Study guide for data science
Self-learning is a necessary evil in this subject.
People like me love it, because I am not constraint by the limitations of the school, while for other people is torture, as there is never a defined and clear path to what they need to study: every day they discover something new and have to adapt their study plan.
Overall, If I had to study data science all over again, this is the path that I would suggest my younger self to take:
1. Cross-sectional data
- Supervised learning: Binary Classification and Monovariate Regression
- Data Transformations
- Supervised learning: Multi-label classification and Multi-variate regression
- Unsupervised learning: Clustering
- Unsupervised learning: Dimensionality Reduction
- Unsupervised learning: Rule Association Learning
2. Natural Language Processing
- Using API, parsing data
- Web Scraping
- Data Cleaning, Lemmatization, Stemming
- Sentiment Analysis
3. Deep learning
- Multi-layer perceptron
- Predictive Maintenance
- Start working with Big Data
- Word2Vec encoding
- BERT encoding
- Topic Modeling
- Recommendation Systems
5. Computer Vision…
This is the list of concepts in learning order that I can suggest each one of you follow. There is a concise logic that these concepts follow, and I am going to explain it in the rest of the article.
Start with Cross-sectional data
If you scroll at the top of my list, you can see that I started with cross-sectional data. Why is that?
Like many of you, when I first started I was hyped by the idea of becoming a data scientist and wanted to master the coolest use cases around: object recognition.
Unfortunately, the task was too big for me at the time, and I failed repetitively at it, getting nothing done.
You need to study with something easy, that you can master in a few days only, that does not require much effort, and that acts as the foundation for your knowledge.
That is knowing how to work and make predictions on cross-sectional data.
The next step: NLP
Natural Language Processing is one of the most in-demand applications at the moment. For every job that I am hired for I am asked to perform a natural language processing task.
The reason for it to be high in demand is that there is a minimum threshold for developers to access this technology that scares most ML programmers.
As a result, there is a high demand for NLP, which is found basically anywhere, and a low supply of experts.
However, NLP is tough to learn.
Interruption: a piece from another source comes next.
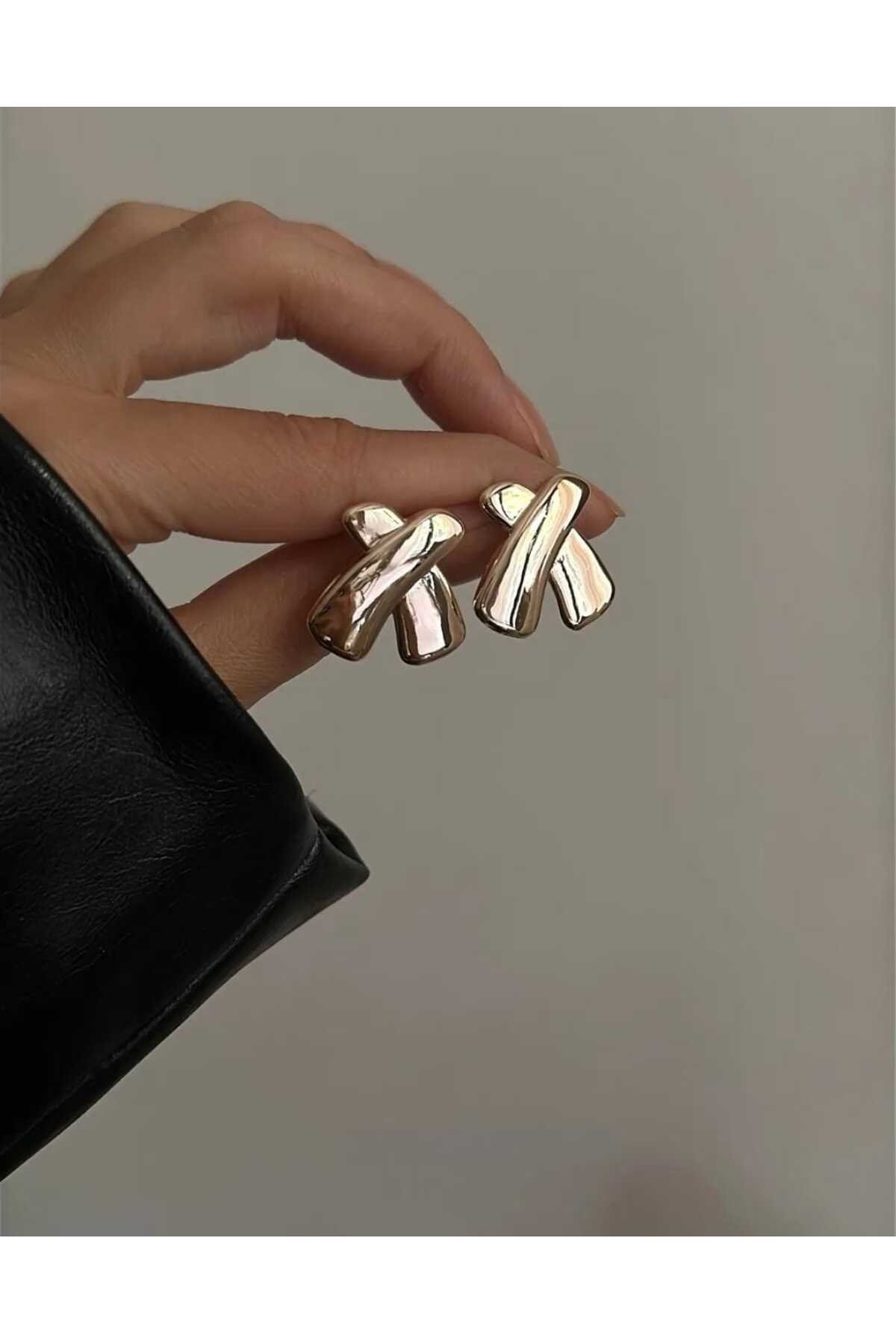 Mini X gold küpe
If you do not know how to manage cross-sectional data first, forget about even adventuring in NLP.
In the beginning, you can first do everything with a simple notebook, but most NLP tasks will require huge processing power and will involve Gigabytes of data.
Because you are not ready for this size, yet, only focus on the data volume you can manage.
The main tasks you will want to learn in NLP are performing a Sentiment Analysis, Named Entity Recognition, and String-search.
Finally, now that you know how to code properly several ML use cases and you know how to work with cross-sectional data very well, you can start understanding the math and the concepts behind deep learning.
The main issue with this technology is that is very tough and slow to implement.
It may require hours for you to set up a deep learning experiment, mostly because you have to preprocess the data in a way that it can be fit inside a neural network.
Deep learning, however, requires huge computing power and you will have to tune your data.
Is more an effort of math than programming, although to program it is tough already.
This technology is going to be a must for you to master if you wish to become an expert in the subject.
Because most of the vector-based models emerged not longer than 2 years ago, it is still a subject at its early stage, and it is unlikely you will find much-structured content in a course.
Instead, you may need to proceed with experiments, learning the theory on the side.
I am starting to write several guides on how to use vectors to create amazing things, including recommendation systems and topic modeling.
This technology is used most of the time to complete NLP tasks.
Throughout this article, I have been mainly focusing on data science concepts.
There is a myriad of other things you are expected to know when managing a data science project, including Git, Cloud Computing, and Data Engineering.
My suggestion is to study what you need in your path to learning data science.